▸ **Problem requirements**
Give back all the records below, unaltered.

►

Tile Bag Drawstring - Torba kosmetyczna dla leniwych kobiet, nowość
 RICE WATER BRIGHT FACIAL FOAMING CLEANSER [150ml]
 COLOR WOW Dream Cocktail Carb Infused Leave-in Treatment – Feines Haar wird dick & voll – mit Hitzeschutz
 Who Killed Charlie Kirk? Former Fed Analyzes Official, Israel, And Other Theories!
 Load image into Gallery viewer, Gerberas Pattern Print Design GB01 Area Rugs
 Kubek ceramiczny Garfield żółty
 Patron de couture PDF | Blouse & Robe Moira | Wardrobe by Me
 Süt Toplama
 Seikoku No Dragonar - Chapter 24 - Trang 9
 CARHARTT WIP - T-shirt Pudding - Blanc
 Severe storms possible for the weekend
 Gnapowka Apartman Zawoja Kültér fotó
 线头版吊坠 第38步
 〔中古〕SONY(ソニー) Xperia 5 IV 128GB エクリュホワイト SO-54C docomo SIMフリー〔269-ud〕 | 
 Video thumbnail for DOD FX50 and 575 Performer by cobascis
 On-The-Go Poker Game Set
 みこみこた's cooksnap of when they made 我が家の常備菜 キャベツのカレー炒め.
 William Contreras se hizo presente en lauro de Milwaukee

◄

▸ **Solved problem**
Tile Bag Drawstring - Torba kosmetyczna dla leniwych kobiet, nowość
 RICE WATER BRIGHT FACIAL FOAMING CLEANSER [150ml]
 COLOR WOW Dream Cocktail Carb Infused Leave-in Treatment – Feines Haar wird dick & voll – mit Hitzeschutz
 Who Killed Charlie Kirk? Former Fed Analyzes Official, Israel, And Other Theories!
 Load image into Gallery viewer, Gerberas Pattern Print Design GB01 Area Rugs
 Kubek ceramiczny Garfield żółty
 Patron de couture PDF | Blouse & Robe Moira | Wardrobe by Me
 Süt Toplama
 Seikoku No Dragonar - Chapter 24 - Trang 9
 CARHARTT WIP - T-shirt Pudding - Blanc
 Severe storms possible for the weekend
 Gnapowka Apartman Zawoja Kültér fotó
 线头版吊坠 第38步
 〔中古〕SONY(ソニー) Xperia 5 IV 128GB エクリュホワイト SO-54C docomo SIMフリー〔269-ud〕 | 
 Video thumbnail for DOD FX50 and 575 Performer by cobascis
 On-The-Go Poker Game Set
 みこみこた's cooksnap of when they made 我が家の常備菜 キャベツのカレー炒め.
 William Contreras se hizo presente en lauro de Milwaukee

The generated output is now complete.